Robert H. Grubbs, winner of the Nobel Prize for chemistry in 2005 and chemist at California Institute of Technology, came to SBU to present the Distinguished Lecture Series in Science and Engineering, “Catalysis: Green Chemicals and Materials” on Feb. 15, 2013.
Q: Dr. Grubbs, your 2005 Nobel Prize was for a breakthrough in producing synthetic materials, and your lecture today is on green chemistry. But it’s unusual to see ‘synthetic’ and ‘green’ in the same sentence. How do you make a totally synthetic material work well in the environment?
A: You’re trying to make things as environmentally friendly as possible. If we didn’t need any materials we would use wood, but we’re not happy with that so we have to make things. The whole point of green chemistry is to accomplish your goal in the most sustainable way possible.
Q: Is the goal to make these materials able to be broken down by nature?
A: There are all kinds of pieces. There’s the part that when you make stuff, you want to make it as efficiently as possible. You want to make it from sustainable starting materials. You don’t want to make a lot of byproducts when you’re making it. And in the end you want it to be a safe product that you’ve made that can either be broken down or somehow of use to the environment.
Q: You touched on this a bit, but many synthetic chemical pathways currently require rare earth metal catalysts and hazardous solvents. What industrial potential is there for the green alternatives, such as super-critical CO2?
A: There are all kinds of ways of using processes that don’t require solvents, processes that require fewer steps. Supercritical CO2 – there’s all kinds of ways of doing it. People have done studies that show people won’t buy things just because it’s green. It has to be the same price and be just as good. That’s the challenge.
Q: I have noticed a movement towards natural substances, like organic food. Why do people fear chemical processes that are entirely man-made? How do you get past that fear?
A: We’ve got to live. For example, we control pests, otherwise we don’t have food to eat. The basic strategy is how do you control pests without creating pollution. In each area it’s the same kind of thing – we have goals to accomplish and we just need to find new ways of doing it.
Q: 20 years from now do you see us using more synthetic materials? Will we recognize what our ‘stuff’ is made of?

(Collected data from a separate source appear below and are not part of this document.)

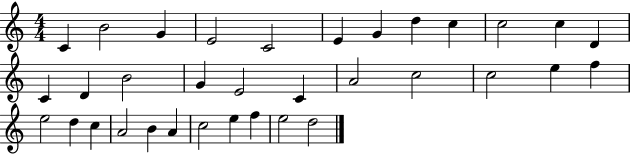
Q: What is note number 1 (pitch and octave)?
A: C4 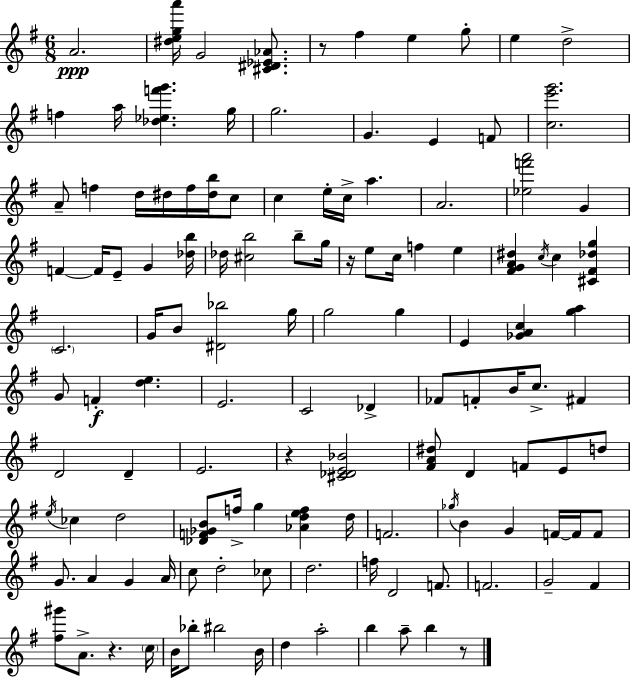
A4/h. [D#5,E5,G5,A6]/s G4/h [C#4,D#4,Eb4,Ab4]/e. R/e F#5/q E5/q G5/e E5/q D5/h F5/q A5/s [Db5,Eb5,F6,G6]/q. G5/s G5/h. G4/q. E4/q F4/e [C5,E6,G6]/h. A4/e F5/q D5/s D#5/s F5/s [D#5,B5]/s C5/e C5/q E5/s C5/s A5/q. A4/h. [Eb5,F6,A6]/h G4/q F4/q F4/s E4/e G4/q [Db5,B5]/s Db5/s [C#5,B5]/h B5/e G5/s R/s E5/e C5/s F5/q E5/q [F#4,G4,A4,D#5]/q C5/s C5/q [C#4,F#4,Db5,G5]/q C4/h. G4/s B4/e [D#4,Bb5]/h G5/s G5/h G5/q E4/q [Gb4,A4,C5]/q [G5,A5]/q G4/e F4/q [D5,E5]/q. E4/h. C4/h Db4/q FES4/e F4/e B4/s C5/e. F#4/q D4/h D4/q E4/h. R/q [C#4,Db4,E4,Bb4]/h [F#4,A4,D#5]/e D4/q F4/e E4/e D5/e E5/s CES5/q D5/h [Db4,F4,Gb4,B4]/e F5/s G5/q [Ab4,D5,E5,F5]/q D5/s F4/h. Gb5/s B4/q G4/q F4/s F4/s F4/e G4/e. A4/q G4/q A4/s C5/e D5/h CES5/e D5/h. F5/s D4/h F4/e. F4/h. G4/h F#4/q [F#5,G#6]/e A4/e. R/q. C5/s B4/s Bb5/e BIS5/h B4/s D5/q A5/h B5/q A5/e B5/q R/e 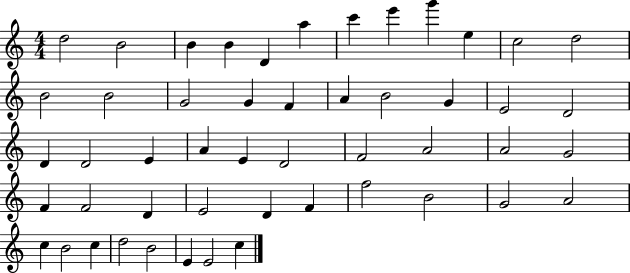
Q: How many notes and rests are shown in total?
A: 50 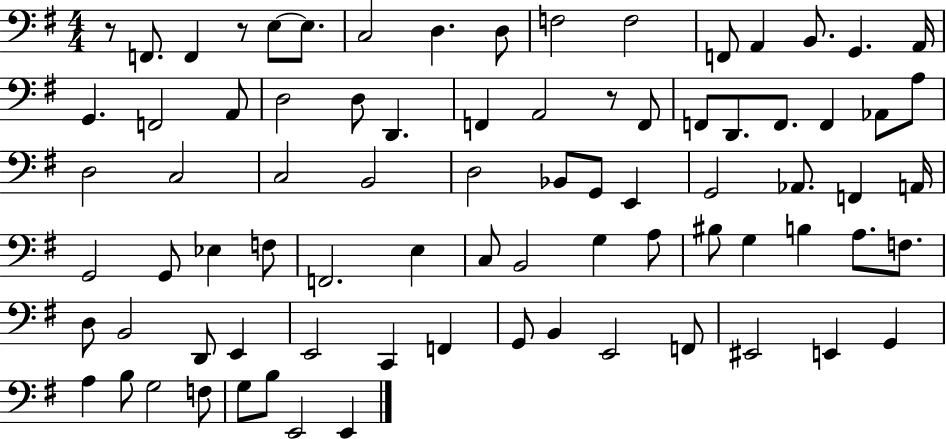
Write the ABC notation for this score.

X:1
T:Untitled
M:4/4
L:1/4
K:G
z/2 F,,/2 F,, z/2 E,/2 E,/2 C,2 D, D,/2 F,2 F,2 F,,/2 A,, B,,/2 G,, A,,/4 G,, F,,2 A,,/2 D,2 D,/2 D,, F,, A,,2 z/2 F,,/2 F,,/2 D,,/2 F,,/2 F,, _A,,/2 A,/2 D,2 C,2 C,2 B,,2 D,2 _B,,/2 G,,/2 E,, G,,2 _A,,/2 F,, A,,/4 G,,2 G,,/2 _E, F,/2 F,,2 E, C,/2 B,,2 G, A,/2 ^B,/2 G, B, A,/2 F,/2 D,/2 B,,2 D,,/2 E,, E,,2 C,, F,, G,,/2 B,, E,,2 F,,/2 ^E,,2 E,, G,, A, B,/2 G,2 F,/2 G,/2 B,/2 E,,2 E,,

A: The population is growing, we’re going to have great demands on our supplies, but we also have to learn how to control CO2 and all the other kinds of things. I think it’s going to be a combination of getting much more efficient processes but also doing it in a way that is more sustainable. That’s the challenge for chemists and all of science.
Q: We have a lot of chemistry students at Stony Brook. What do you want to see them working on when they get into the field?
A: There’s an amazing number of new problems, because we’re going to have to change our starting materials. We have to have new chemistry to be able to use those new starting materials. It’s a really challenging time, which means it’s a great time to be a chemist because there are such huge problems to solve.
Q: What are some of those huge problems that you want to see a breakthrough in?
A: For example, right now most of our starting materials come from petroleum, which is mostly just carbon and hydrogen. Most of the products we use also have oxygen and nitrogen. The chemistry that’s being developed is to put those units in. If you start from bio sources, they usually have too much oxygen and too much nitrogen. The chemistry is the reverse – how do you take it out. There are lots of new processes that you can develop.
There are a tremendous number of exciting problems to work on. I just talked to people here at Stony Brook who are working on ways of purifying water. Water is going to be our very precious resource. There are just many, many problems to solve.